In some cases, both full and partial PS may also include reflection. Reflection allows, for instance, a successful (possibly perfect) superimposition of a right hand to a left hand. Thus, partial PS with reflection enabled preserves size but allows translation, rotation and reflection, while full PS with reflection enabled allows translation, rotation, scaling and reflection.

In mathematics:

• an orthogonal Procrustes problem is a method which can be used to find out the optimal rotation and/or reflection (i.e., the optimal orthogonal linear transformation) for the PS of an object with respect to another.
• a constrained orthogonal Procrustes problem, subject to det(R) = 1 (where R is a rotation matrix), is a method which can be used to determine the optimal rotation for the PS of an object with respect to another (reflection is not allowed). In some contexts, this method is called the Kabsch algorithm.

Optimal translation and scaling are determined with much simpler operations (see below).

When a shape is compared to another, or a set of shapes is compared to an arbitrarily selected reference shape, Procrustes analysis is sometimes further qualified as classical or ordinary, as opposed to Generalized Procrustes analysis (GPA), which compares three or more shapes to an optimally determined "mean shape".

Ordinary Procrustes analysis

Here we just consider objects made up from a finite number k of points in n dimensions.
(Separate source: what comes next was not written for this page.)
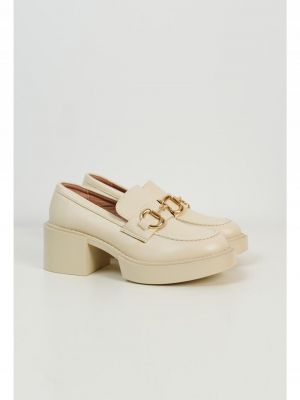 Pantofi Oxford bej cu toc gros si aplicatie metalica poza 0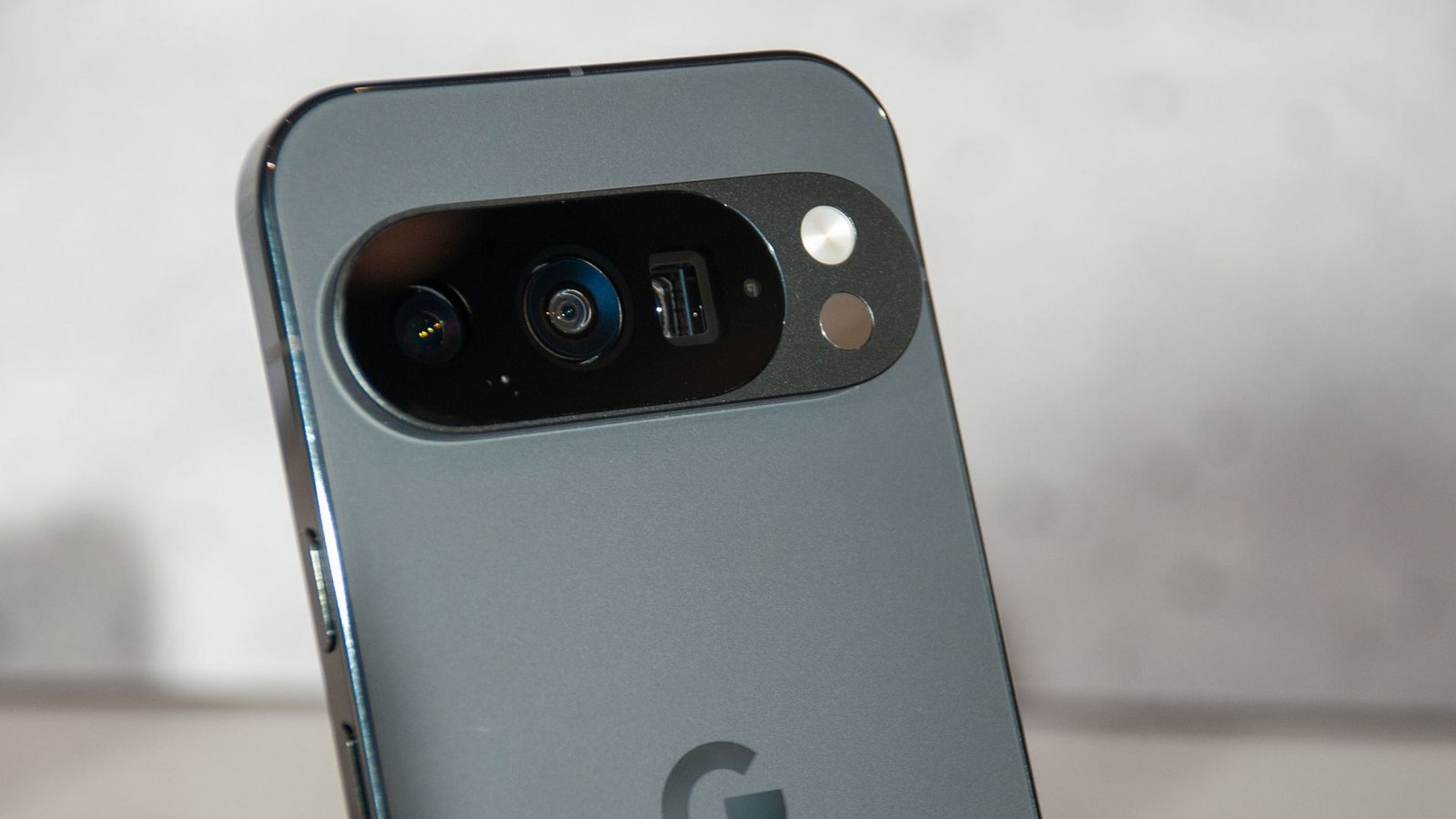 Google gehört zu den sogenannten Gatekeepern ("Torwächtern"), die wegen ihrer dominanten Stellung besonderen EU-Wettbewerbsregeln unterliegen. (Symbolbild)Foto: Andrej Sokolow/dpa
Often, these points are selected on the continuous surface of complex objects, such as a human bone, and in this case they are called landmark points.

The shape of an object can be considered as a member of an equivalence class formed by removing the translational, rotational and uniform scaling components.

Translation

For example, translational components can be removed from an object by translating the object so that the mean of all the object's points (i.e. its centroid) lies at the origin.

Mathematically: take $k$ points in two dimensions, say

$((x_1,y_1),(x_2,y_2),\dots,(x_k,y_k))\,$.

The mean of these points is $(\bar{x},\bar{y})$ where

$\bar{x} = \frac{x_1+x_2+\cdots+x_k}{k},\quad \bar{y} = \frac{y_1+y_2+\cdots+y_k}{k}.$

Now translate these points so that their mean is translated to the origin $(x,y)\to(x-\bar{x},y-\bar{y})$, giving the point $(x_1-\bar{x},y_1-\bar{y}),\dots$.

Uniform scaling

Likewise, the scale component can be removed by scaling the object so that the root mean square distance (RMSD) from the points to the translated origin is 1. This RMSD is a statistical measure of the object's scale or size:

$s= \sqrt{{(x_1-\bar{x})^2+(y_1-\bar{y})^2+\cdots} \over k}$

The scale becomes 1 when the point coordinates are divided by the object's initial scale:

$((x_1-\bar{x})/s,(y_1-\bar{y})/s)$.

Notice that other methods for defining and removing the scale are sometimes used in the literature.

Rotation

Removing the rotational component is more complex, as a standard reference orientation is not always available. Consider two objects composed of the same number of points with scale and translation removed. Let the points of these be $((x_1,y_1),\ldots)$, $((w_1,z_1),\ldots)$. One of these objects can be used to provide a reference orientation. Fix the reference object and rotate the other around the origin, until you find an optimum angle of rotation $\theta\,\!$ such that the sum of the squared distances (SSD) between the corresponding points is minimised (an example of least squares technique).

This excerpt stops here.